I’d say it was more a bait and switch. Communists viewed the writings of Marx, Engels and later Lenin with something approaching a religious zealotry. They replaced Christianity with Marxism, an then battled each other over the orthodoxy with the vehemence of Medieval Popea and Patriarchs.
 
I’d say it was more a bait and switch. Communists viewed the writings of Marx, Engels and later Lenin with something approaching a religious zealotry. They replaced Christianity with Marxism, an then battled each other over the orthodoxy with the vehemence of Medieval Popea and Patriarchs.
Neither the Communists nor the worst Popes were sunk over their orthodoxy to the message of their founder, lol. Let’s not talk about adherence to defending a theory, though. Let’s talk about what people who didn’t come up with the theory are willing to do in order to live it, people who have everything to lose and nothing to gain materially from their adnerence.
The question is whether communism has anything to give the heart. Ask yourself this: Where are the great saints of communism? You may not be impressed by mystics or great thinkers, fine. Where among the communists do you see someone like St. Francis of Assisi or St.

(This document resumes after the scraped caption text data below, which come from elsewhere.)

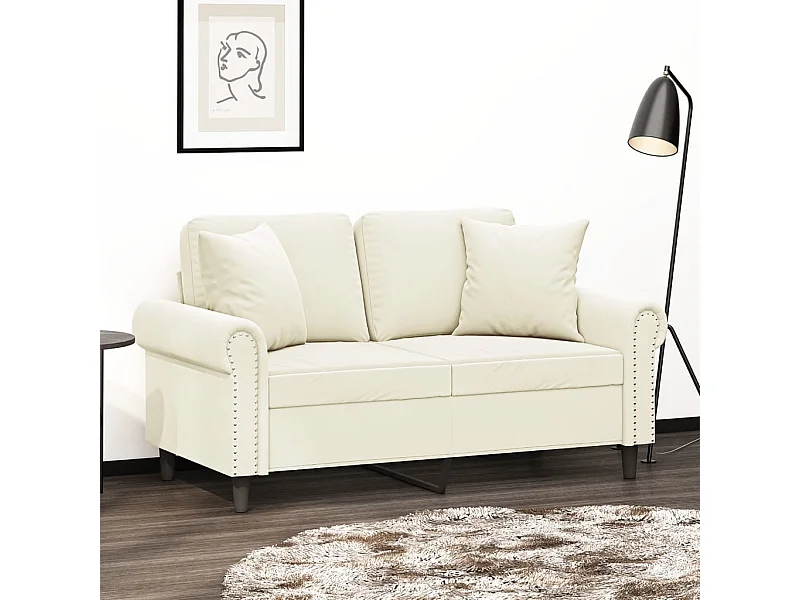 Divano 2 posti con cuscini decorativi crema 120 cm velluto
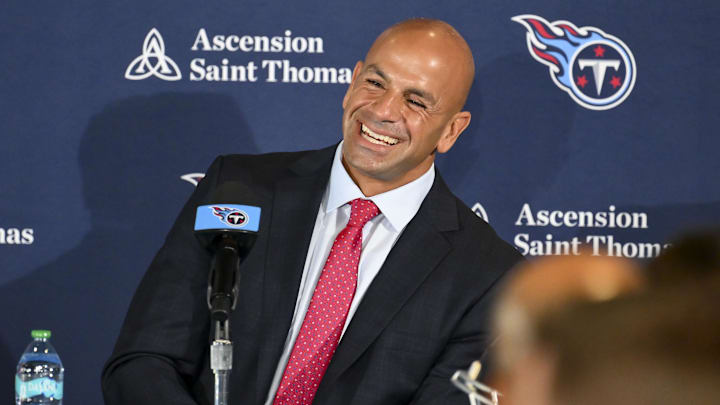 Jan 29, 2026; Nashville, TN, USA;  Tennessee Titans head coach Robert Saleh answers questions from the media during the press conference at Ascension Saint Thomas Sports Park. Mandatory Credit: Steve Roberts-Imagn Images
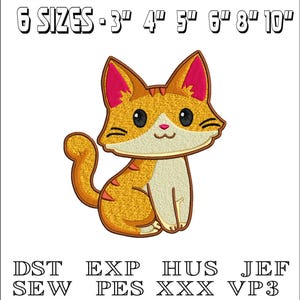 Ginger Cat  - Machine Embroidery Design - DST, PES, VP3 & More - Instant Download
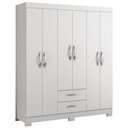 Ver imagem 2 de Guarda-roupa Casal Estelar 6 Portas 2 Gavetas Branco New/rosa - Pnr Móveis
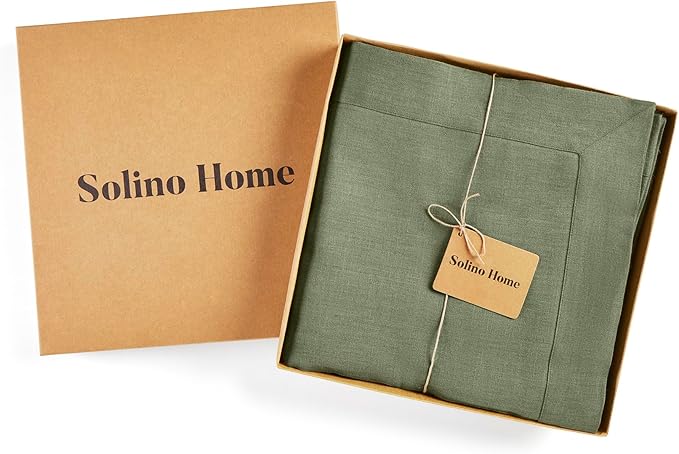 Solino Home Linen Tablecloth 60 x 90 Inch - 100% Pure Linen Oil Green Table Cloth for Rectangle Tables - Fete, Machine Washable Tablecloth for Fall, Autumn, Thanksgiving, Christmas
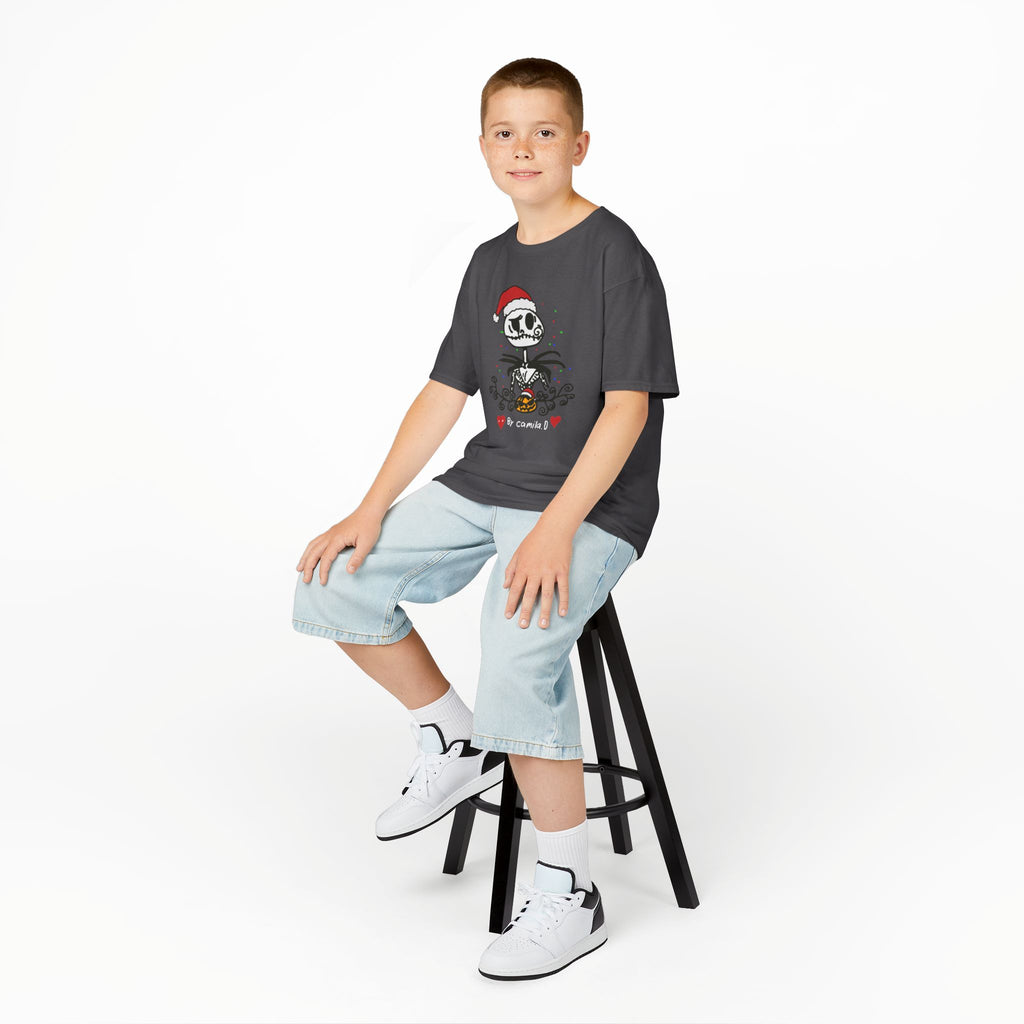 Kids Christmas Skellington Tee -  Holiday Shirt by Camila D.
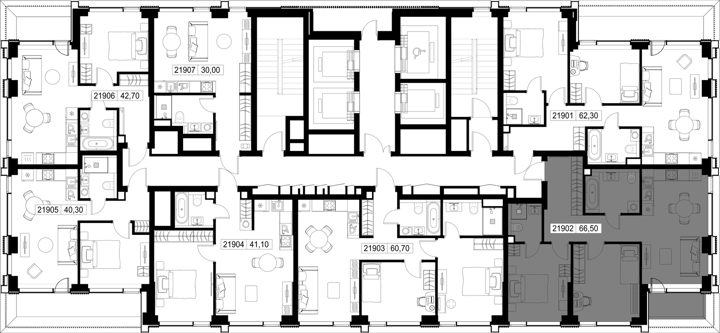 2-комнатная квартира, 66,5 м² — фото 2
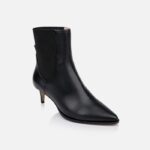 Black Kid Leather Ankle Boot - Side View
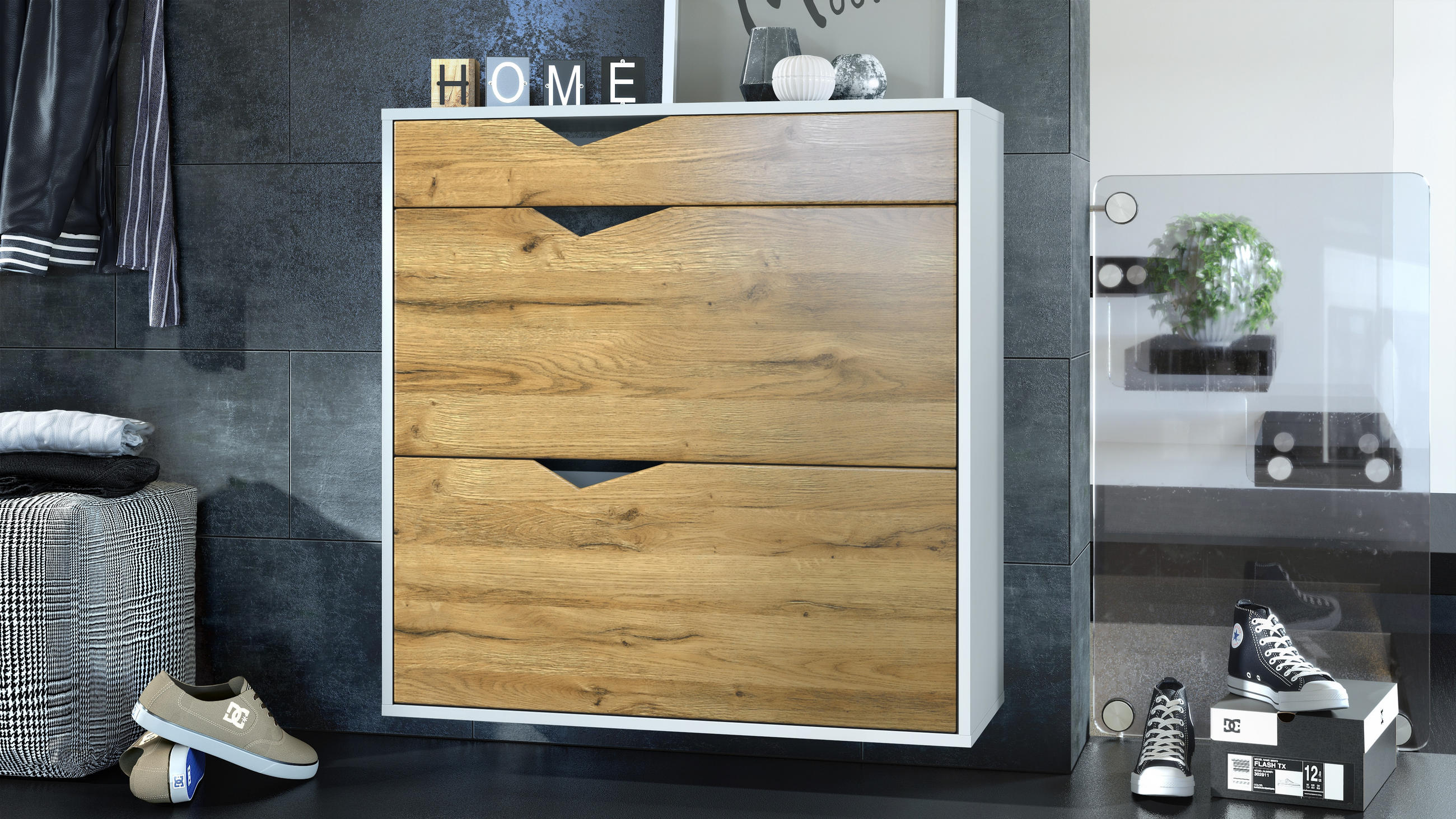 SCHUHSCHRANK Kolmio Fronten in Eiche Natur - Eichefarben, Holzwerkstoff (190/185/33cm) - Vladon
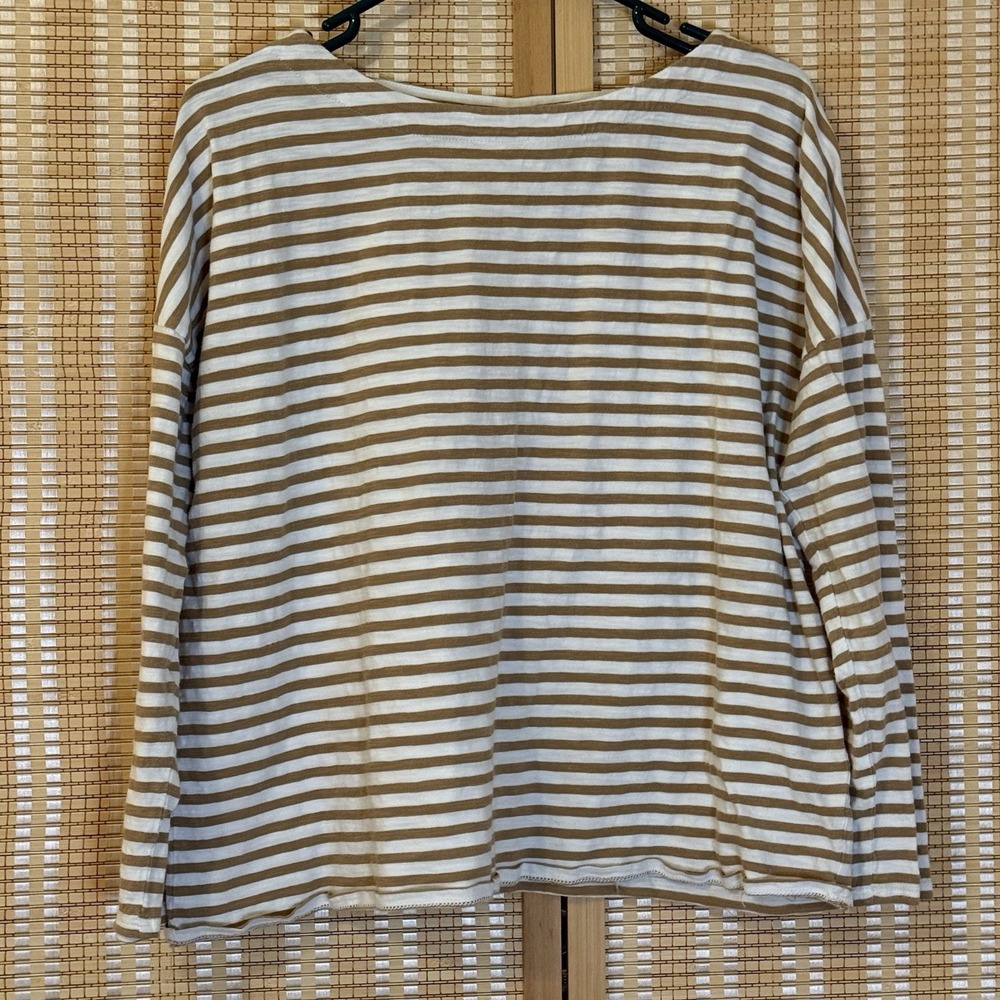 J. JILL Womens PL Top Striped Brown Cream 3/4 Sleeve Preppy Active Leisure Coast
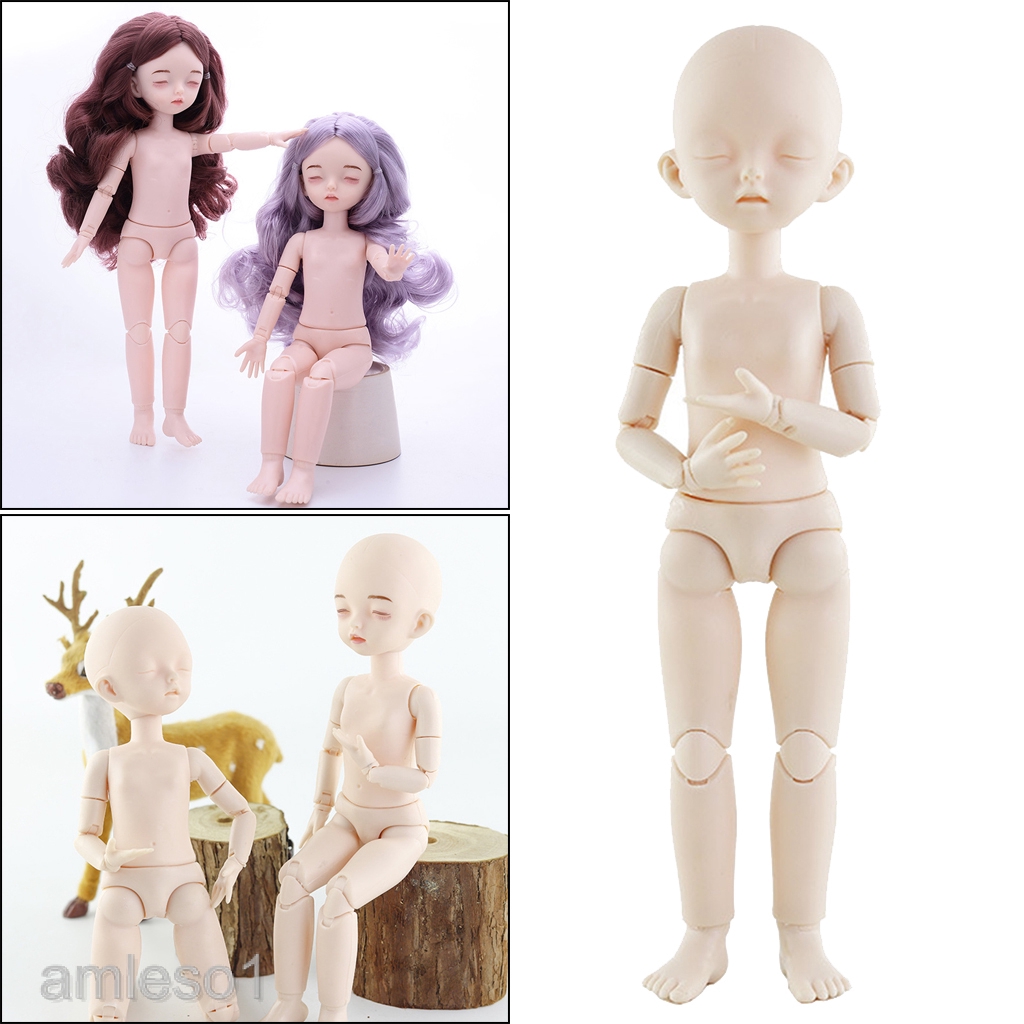 [AMLESO1] White Skin 1/6 Jointed Ball Dolls BJD Doll Body Sleep Eyes DIY Dolls Accessory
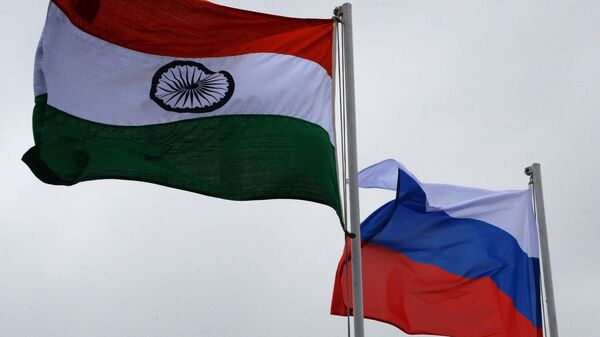 Državne zastave Rusije i Indije - Sputnik Srbija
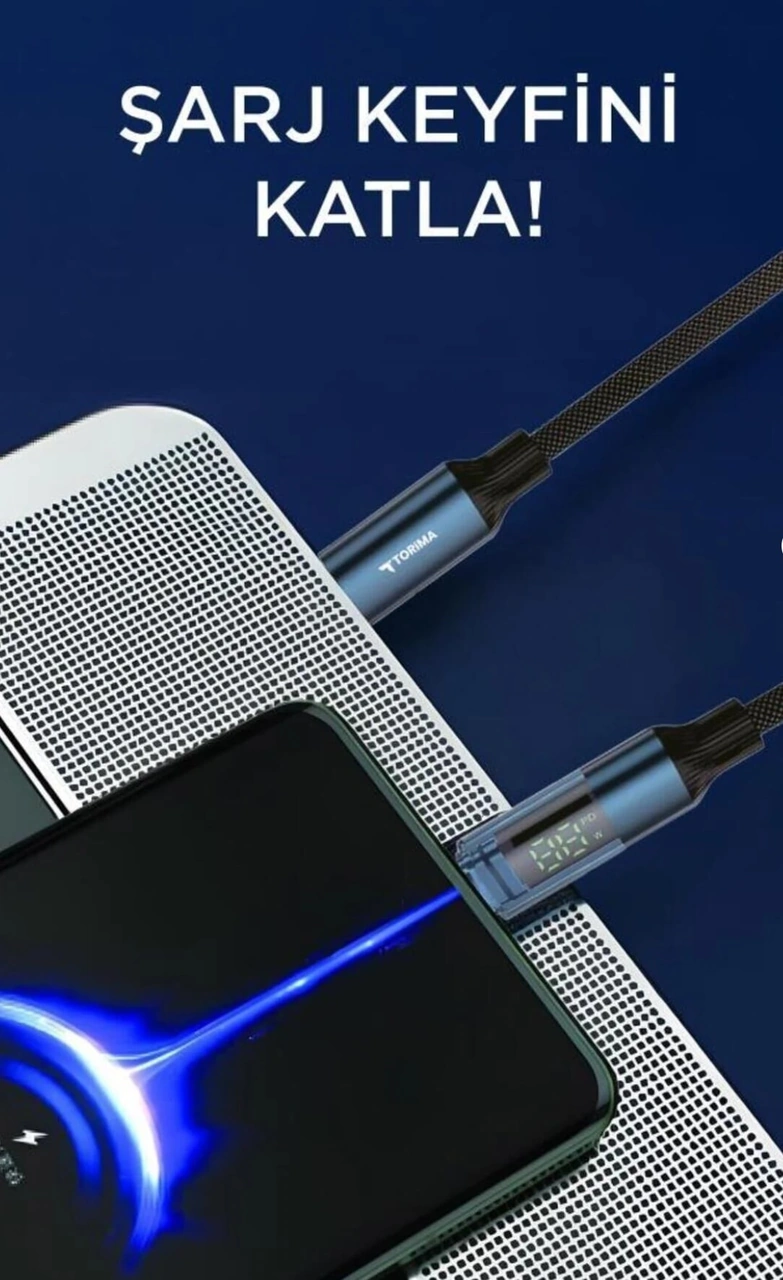 60w Vivo V40e İle Uyumlu 60w Type C Kablo Led Göstergeli Alüminyum Uçlu Naylon Örgü 60w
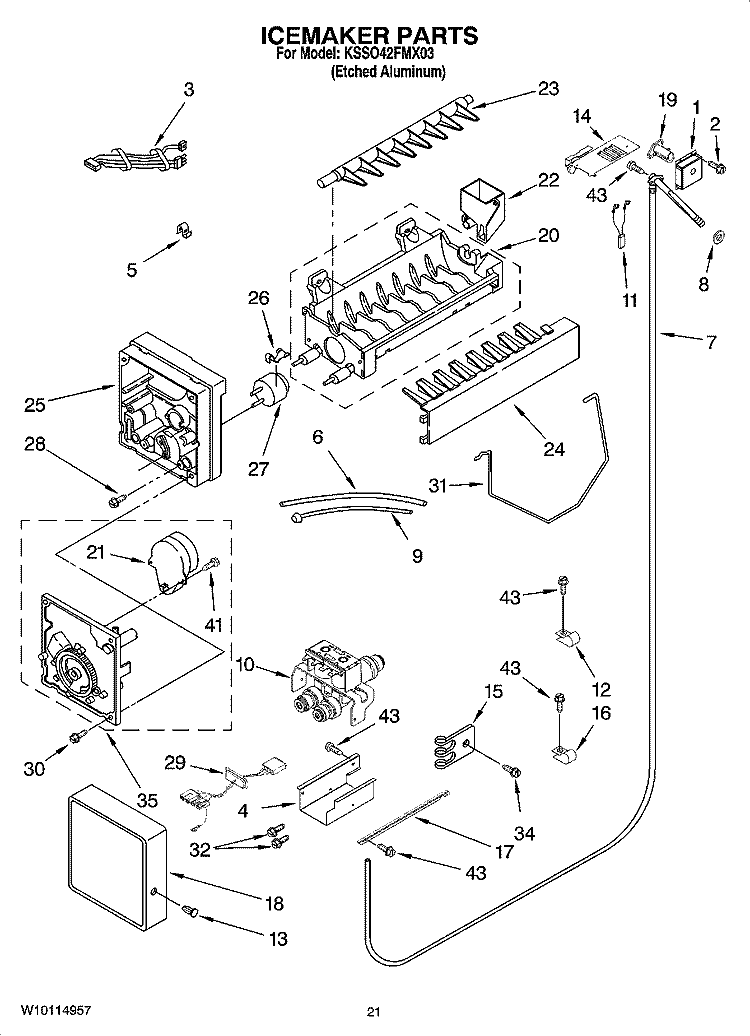 ICEMAKER PARTS Diagram and Parts List for KSSO42FMX03  KitchenAid Refrigerator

John Baptiste de La Salle or St Katherine Drexel, people of wealth who gave not just their money but their lives (their time, the lavishness of their lifestyles) to “live simply so that others may simply live”?
Any human enterprise might attract scoundrels attempting to warp a good name to their own profit. What is to be made of an enterprise that ever convinces wealthy persons to give their lives–not just a small portion of themselves or a chunk of their fortunes, but to give it all up and dedicate their entire lives for the welfare of others?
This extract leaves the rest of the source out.